With his son-in-law at the helm, the soon-to-be-declared national budget will probably turn on the fiscal taps to boost spending in major urban centers such as Istanbul, Ankara and Izmir. Elections never end in Turkey, and the next one will be municipality elections in March 2019. He can ill afford a slowing economy before these local polls.

This is also why no one expects a major change on July 24, when the central bank holds its next meeting. Erdogan is not likely to approve any increase in interest rates and may even demand a cut. After all, in Erdogan’s world view, the best cure to high inflation is to lower interest rates. He is also not happy with the construction sector – the engine of the economy and of employment – showing signs of weakness under higher mortgage rates. Never mind that inflation continues to soar and is predicted to inch toward 20 percent by the end of the year, if current trends hold.

Unless there is a sudden change in plans to subsidize vast infrastructure projects – like the new Istanbul airport, priced at $11 billion, and a $13 billion, 45-kilometer-long canal linking the Black Sea to the Sea of Marmara – there is no reason to expect a change in the trajectory of inflation.

The fact that many businesses have borrowed in foreign currencies means their debt burden has risen as the lira surrenders value, making things worse. Private-sector companies currently owe more than $245 billion in foreign debt, equivalent to nearly one-third of the country’s overall economy. The biggest risk is with Turkey’s short-term private debt and its potential impact on the solvency of banks. Most banks have been lending to consumers at attractive rates. This was made possible thanks to cheap short-term financing in dollars and euros with the hope that low interest rates would continue at home and in the West indefinitely. Now that Europe and the US have started hiking their borrowing costs, the situation is rapidly changing.

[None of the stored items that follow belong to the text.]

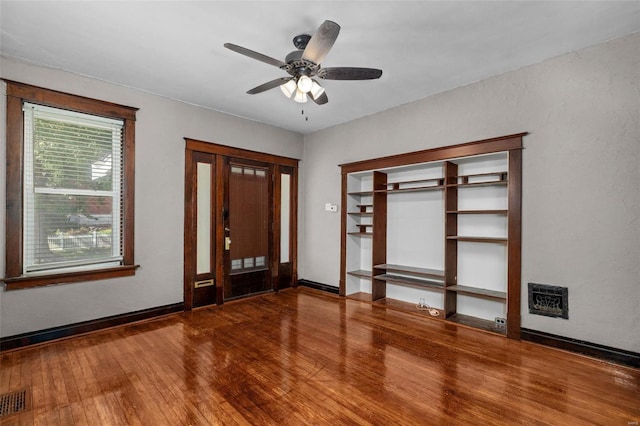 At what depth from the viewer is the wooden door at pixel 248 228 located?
485cm

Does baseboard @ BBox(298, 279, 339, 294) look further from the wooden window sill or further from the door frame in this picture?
the wooden window sill

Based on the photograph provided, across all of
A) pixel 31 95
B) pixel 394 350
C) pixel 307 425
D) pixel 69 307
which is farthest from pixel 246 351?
pixel 31 95

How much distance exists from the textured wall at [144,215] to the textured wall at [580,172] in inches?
Result: 153

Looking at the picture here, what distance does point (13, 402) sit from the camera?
2170 millimetres

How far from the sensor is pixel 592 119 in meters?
2.92

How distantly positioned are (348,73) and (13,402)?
3.64 metres

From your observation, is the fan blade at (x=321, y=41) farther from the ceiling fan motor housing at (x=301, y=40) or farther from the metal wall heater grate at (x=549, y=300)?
the metal wall heater grate at (x=549, y=300)

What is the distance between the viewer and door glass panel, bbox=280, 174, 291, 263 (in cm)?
561

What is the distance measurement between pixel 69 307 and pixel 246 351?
214 centimetres

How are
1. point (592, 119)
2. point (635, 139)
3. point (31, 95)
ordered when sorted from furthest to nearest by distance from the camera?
point (31, 95) < point (592, 119) < point (635, 139)

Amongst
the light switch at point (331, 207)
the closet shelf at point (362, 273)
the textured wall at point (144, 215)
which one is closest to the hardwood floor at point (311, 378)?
the textured wall at point (144, 215)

Turkey is particularly exposed to European banks that have been lending to their Turkish counterparts generously. These banks will now expect higher returns. If they decide to rapidly back away, the solvency of the entire Turkish financial system will be at stake. It is never a good sign when the three-letter word, IMF, is mentioned as one of the options for troubled emerging markets. Turkey has been there before and it is now entirely up to Erdogan to shield it from such a recourse. He will have no one to blame if the IMF has to be called in.

Ömer Taşpınar is a senior fellow at the Brookings Institution and a professor of national-security strategy at the National Defense University in Washington.